Several times a year, sometimes all year, large projects underway in northern Canada advertise for skilled workers. The advertisements run in major centres in the west for mines in Northern Alberta, in east and Maritime provinces for Wabush, Schefferville and other mines in Northern Quebec and Labrador.

One of the great Canadian phenomena of the forties, fifties and sixties was the periodic migration north by men to earn money in vast development projects, which are in good part a record of Canadian history: logging and mining operations, oil rigs and power developments such as those at James Bay, Churchill Falls and Snake Rapids that feed the eastern seaboard of the United States and industrialized Canada.

The men and women involved in these projects can be numbered in tens of thousands. Initially perhaps they were trying to wrench themselves free of situations in the south or reacting to the salary ranges advertised. But such projects can easily become a way of life.

Labrador: Location of Twin Falls power project, Labrador
   

When one project is finished, the ribbon cut and the official visitors departed, the same workers who toiled to get it in shape drift away to turn up at the next project. They work hard for high wages, accept fairly limited amenities and swear that each job they do in the north will be their last. It never is. They are either born to a nomadic life or. drawn to it as a compass needle is attracted to magnetic north. Among them, such names as Peace River, Kitimat, Grand Rapids, Menihek and Manicouagan are as commonplace as Montreal, Toronto and Vancouver.

The story of the Twin Falls power development in Labrador, between 1960 and 1963 was typical of many northern developments in the sixties and seventies. What happened is a repeat of what occurred in some now-forgotten spot in the Canadian north 50 years ago and will, no doubt, be repeated wherever there is free-running water to attract a power-hungry society.

Twin Falls is on the Unknown River, a tributary of the Churchill River that drains the central Labrador basin and flows into Lake Melville and the Atlantic Ocean. Power development rights on the river were acquired by the British Newfoundland Corporation or Brinco as it was known. In partnership with Wabush Mines Limited and the Iron Ore Company of Canada, the two mining corporations operating in Western Labrador, Brinco created the Twin Falls Power Corporation to deliver power 115 miles west to the two mining operations being developed near the Labrador-Quebec border.

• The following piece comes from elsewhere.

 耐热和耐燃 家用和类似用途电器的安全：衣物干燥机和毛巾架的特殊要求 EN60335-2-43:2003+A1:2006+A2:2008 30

Twin Falls Basin: Catchment area of water flowing through Twin Falls
   
 
Power Project: General arrangement to dam the river and divert water to the power station in the dry canyon
 
 
   
Twin Falls original: Twin Falls in its natural state before construction began.  
Unknown River: View of the canyon of the Unknown River

Access to Twin Falls was by air or, for equipment and supplies, a 125-mile up hill and down dale transport road connecting one esker to the next, from Esker, a maintenance of way station on the Quebec North Shore and Labrador Railway, the QNS&L. An esker is a sinuous, narrow ridge of sediment formed under glacial ice during the ice age. The Labrador eskers rise to a height of up to two hundred feet and run in a northwest to southeast direction for anything up to 20 miles. To build the construction road, we used a fleet of D8 Caterpillar bulldozers to move the trees aside and compacted the gravel that remained into road that took heavy transporters.

The QNS&L, built in the early 1950s at a cost of $250 million, connect the St. Lawrence north shore port of Sept Isles to the Knob Lake iron ore mines at Schefferville 350 miles to the north. The railway snaked like a black thread up the gorges and river valleys coming from the plateau. It ran alongside roaring cataracts, across interminable miles of muskeg, and the shores ofplacid lakes. At the height of the shipping season, ten and twelve trains a day rumbled south, passing empty trains moving north, but shunted on to spur lines to give the loaded ore cars right of way. Each train, hauled by four monstrous diesel locomotives ran to 120 cars more than a mile in length.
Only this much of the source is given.